## WHAT YOU ARE ASKED TO DO
What you produce should be an exact transcription of the data, minus any pictures.

## INFORMATION SUPPLIED
------------------------------------------------

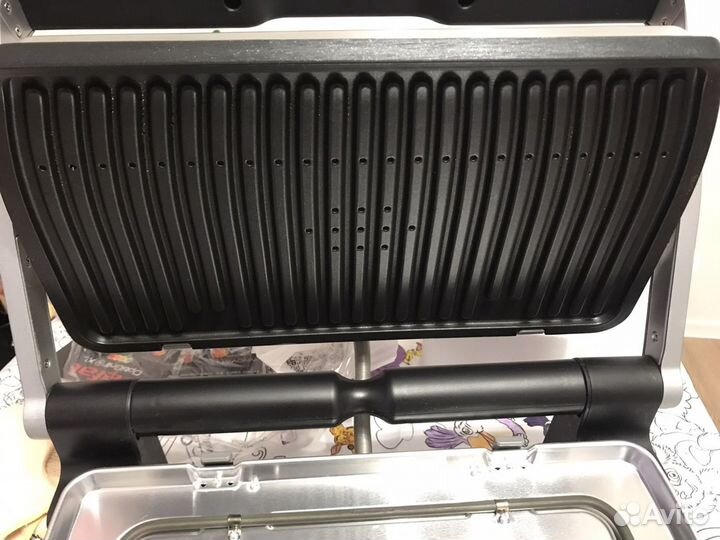 Tefal optigrill elite xl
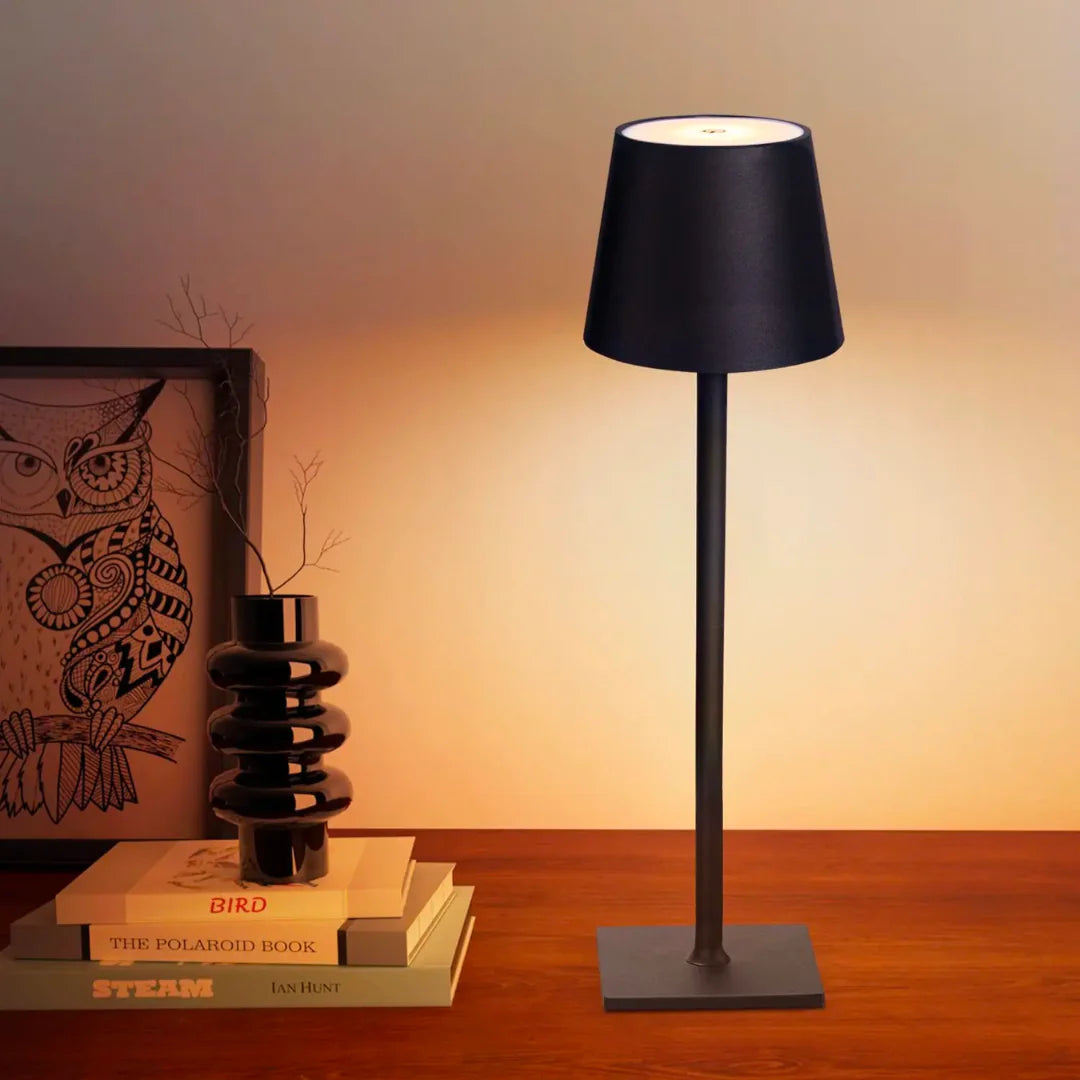 Draadloze lamp - Design voor thuis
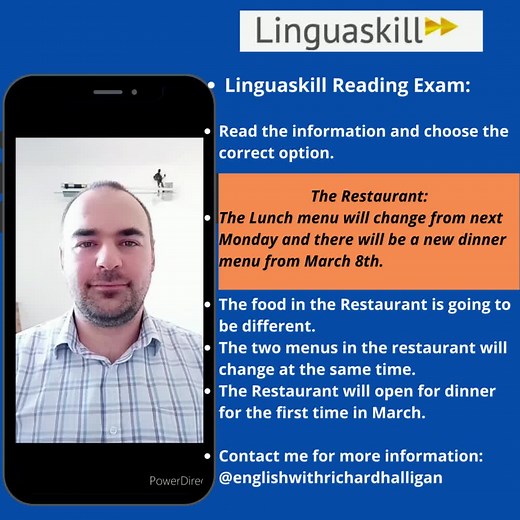 Linguaskill Reading Exam Insights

------------------------------------------------

## FINISHED TASK
 Tefal optigrill elite xl
 Draadloze lamp - Design voor thuis
 Linguaskill Reading Exam Insights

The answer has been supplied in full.